Task brief: Only the text belongs in the answer: every line of the records below, transcribed exactly.

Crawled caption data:
════════

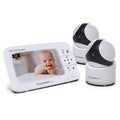 White 5 inch LCD Video Baby Monitor with 2 Cameras C361949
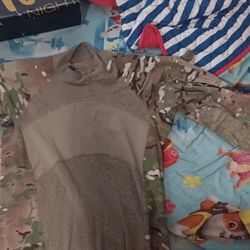 US MILITARY CAMOUFLAGE SHIRT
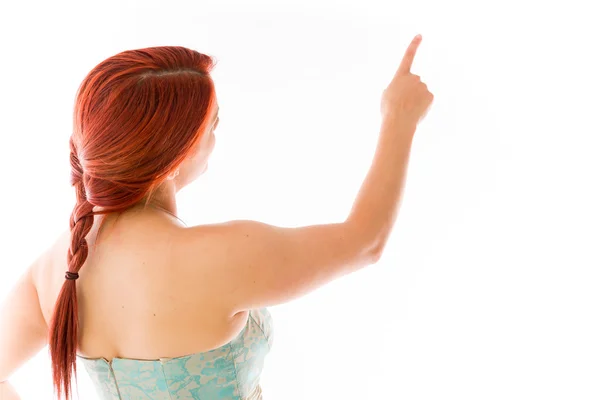 Model back pointing — Stock Photo, Image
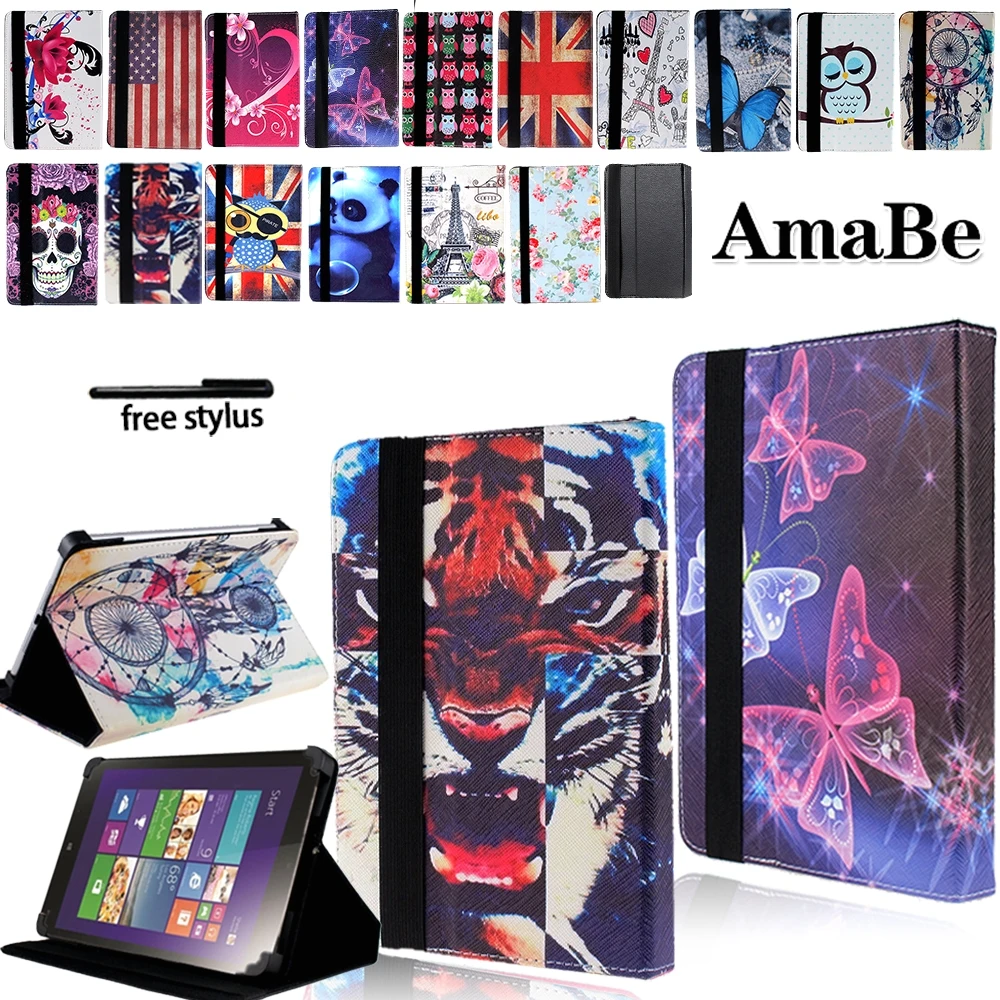 

Drop resistance Print Leather Tablet Stand Cover Case for 7" 8" 10" Lenovo Tab E7 E8 E10/A7 A8 A10/S8 Tablet Protective Shell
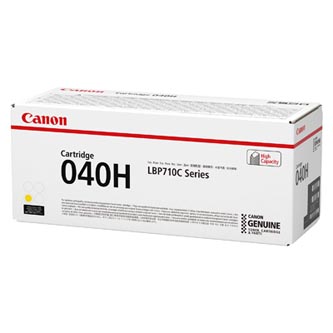 Canon originální toner 040H, yellow, 10000str., 0455C001, 0455C002, high capacity, Canon imageCLASS LBP712Cdn,i-SENSYS LBP710Cx, L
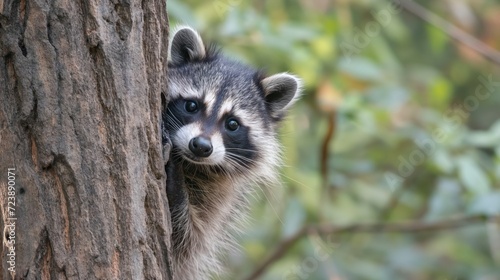 Peekaboo Raccoon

════════

Task response:
 White 5 inch LCD Video Baby Monitor with 2 Cameras C361949
 US MILITARY CAMOUFLAGE SHIRT
 Model back pointing — Stock Photo, Image

Drop resistance Print Leather Tablet Stand Cover Case for 7" 8" 10" Lenovo Tab E7 E8 E10/A7 A8 A10/S8 Tablet Protective Shell
 Canon originální toner 040H, yellow, 10000str., 0455C001, 0455C002, high capacity, Canon imageCLASS LBP712Cdn,i-SENSYS LBP710Cx, L
 Peekaboo Raccoon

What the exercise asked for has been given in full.